× Note: This article has been migrated from my previous website without modification; some images might be missing or be disproportionately large.

GSoC‘20 Final Report

Major Pull Requests

  • pymc-devs/pymc4#235: Implemented the basic API structure of Gaussian Processes. Implemented Latent Gaussian Process Model. Created a notebook explaining them.
  • pymc-devs/pymc4#272: Implemented/Refactored the covariance functions API for Gaussian Processes. Introduced multiple new features on top of Tensorflow Probability’s PSD API.
  • pymc-devs/pymc4#285: Implemented 16 new covariance functions. Created a notebook explaining each of them.
  • pymc-devs/pymc4#309: Implemented Marginal Gaussian Process. Created a tutorial notebook for it.

The above PRs are core to my GSoC project. I started with pymc-devs/pymc4#235 before the official coding round. This PR proposed a basic API for performing GP Modelling in PyMC4. I also implemented a Latent GP model on top of it. It closely follows PyMC3’s GP API.
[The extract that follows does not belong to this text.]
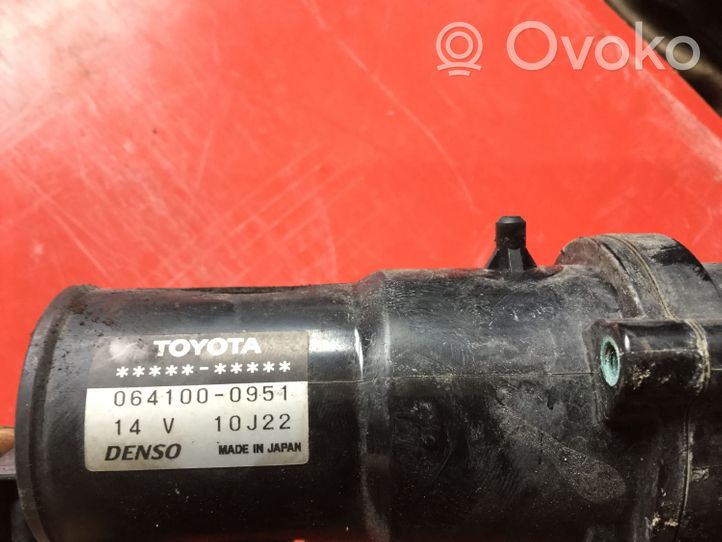 Toyota Prius (XW20) Water pump 0641000951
During the first few weeks, I worked on refactoring the Covariance/Kernel functions API in pymc-devs/pymc4#272. This PR introduced multiple features on top of Tensorflow Probability’s PSD kernels API.

By the end of Phase 1 and the commencement of Phase 2, I proposed pymc-devs/pymc4#285. This PR implemented 8 stationary, 2 periodic, 5 non-stationary, and 2 special kernel functions. I also implemented a huge notebook explaining each of these kernel functions with the help of Bill Engels and Alex Andorra. It was completed and merged by the end of the second phase.

During Phase 3, I started working on the Marginal GP Model in pymc-devs/pymc4#309. I also implemented a notebook explaining the Marginal GP Model using the GP-LVM example (Gaussian Process Latent Variable Model) and got good results with the Variational Inference API.

Other PRs

Blogs Written

Blog Page : https://tirthasheshpatel.github.io/gsoc2020/

Tutorials Written

Some things I noticed

  • GPs work best with Variational Inference.
  • Always use float64 datatype!
  • Sampling fails on large datasets and large models! (probably because tensorflow probability doesn’t do mass matrix adaptation)
  • Marginal GP is hard to infer using sampling…

Goals accomplished (as per proposal)

What’s implemented

  • Constant Kernel
  • White Noise Kernel
  • Exponential Quadratic Kernel
  • Rational Quadratic Kernel
  • Matern 1/2 Kernel
  • Matern 3/2 Kernel
  • Matern 5/2 Kernel
  • Linear Kernel
  • Polynomial Kernel
  • Exponential Kernel
  • Exponential Sine Squared Kernel
  • Scaled Covariance Kernel
  • Gibbs Kernel
  • Warped Input Kernel
  • Additive Kernels
  • Multiplicative Kernels
  • Docs and Tests for all the Kernels
  • Notebook explaining all the Kernel functions
  • Latent GP Model
  • Latent GP example notebook
  • Marginal GP Model
  • Marginal GP example notebook
  • Docs and Tests for GP Models

What’s left

  • Kronecker Kernels
  • ARD API for Kernel functions
  • Co-region Kernels (for Multi-Output GPs)
  • Student’s T Process (WIP)
  • Sparse Marginal GP
  • Kronecker GPs
  • Some more GP examples present in PyMC3

Some Potential Post GSoC Projects

  • Multi-Output GPs
  • Bayes Optimization Example Notebook
  • Black Box Matrix Multiplication GP